IN THE HISTORY of railways in this country, Bob Reid probably will go down as a great commander of change, writes Sir Peter Parker. Paradoxically, change is a condition of life on the rails. In his 40 years Bob proved to be not only capable of managing change but commanding it as well. I can think of no railwayman who did more to modernise the railways - its assets and its attitudes - than this remarkable man.

I met him first in 1976. We had a flaming row - I had not taken in that part of my briefing as a new chairman which said that Bob had once had red hair and a flaming temper to match. He believed rightly that, as William Blake would say, opposition is true friendship, and sparks flew. I immediately asked his help to establish the innovation of marketing at board level in BR. He had just lost his wife, after a long illness; he told me that he was contemplating stepping out of the rail scene altogether. The country has reason to be glad that he changed his mind and stayed on. British Railways benefited hugely from his decisive temperament, masterly knowledge and the passion of his commitment to public service. But I have always felt that as a professional he ploughed a lonely furrow when he was at the peak of his career, wonderfully sustained as he was by his devoted family.
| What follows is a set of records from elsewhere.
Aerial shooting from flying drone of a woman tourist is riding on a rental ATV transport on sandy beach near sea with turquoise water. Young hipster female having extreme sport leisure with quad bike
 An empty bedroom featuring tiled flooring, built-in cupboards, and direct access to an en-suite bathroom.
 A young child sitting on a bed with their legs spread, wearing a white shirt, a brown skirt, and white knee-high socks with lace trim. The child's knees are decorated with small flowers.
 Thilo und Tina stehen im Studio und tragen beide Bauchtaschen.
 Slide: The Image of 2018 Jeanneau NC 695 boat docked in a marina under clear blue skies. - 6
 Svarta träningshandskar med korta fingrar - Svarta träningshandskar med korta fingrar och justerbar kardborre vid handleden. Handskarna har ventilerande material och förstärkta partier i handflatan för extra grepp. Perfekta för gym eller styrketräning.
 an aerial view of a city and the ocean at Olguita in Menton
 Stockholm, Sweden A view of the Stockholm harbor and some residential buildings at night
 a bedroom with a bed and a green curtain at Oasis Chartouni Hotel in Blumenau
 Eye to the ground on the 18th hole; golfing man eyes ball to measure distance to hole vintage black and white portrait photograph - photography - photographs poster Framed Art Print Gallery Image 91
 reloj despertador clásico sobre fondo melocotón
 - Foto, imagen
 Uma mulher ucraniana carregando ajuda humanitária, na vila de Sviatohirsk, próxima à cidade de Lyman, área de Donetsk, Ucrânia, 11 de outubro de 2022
When in 1947 he joined the old London and North Eastern as a management trainee, at the moment of nationalisation, the network was clapped out. When he left it as chairman British Rail was the most successful European railway in terms of financial efficiency. In spite of a continued need for subsidy which was lower in terms of share of gross national product than any other railway, Bob Reid always recognised the need for government support which, alas, inevitably meant continuous government intervention. In his view, this intervention was to develop in recent years into the eventual demise of the railways as they had been known in Britain - a great sadness to someone dedicated to the right balance of entrepreneurial activity with a service industry supported by the state.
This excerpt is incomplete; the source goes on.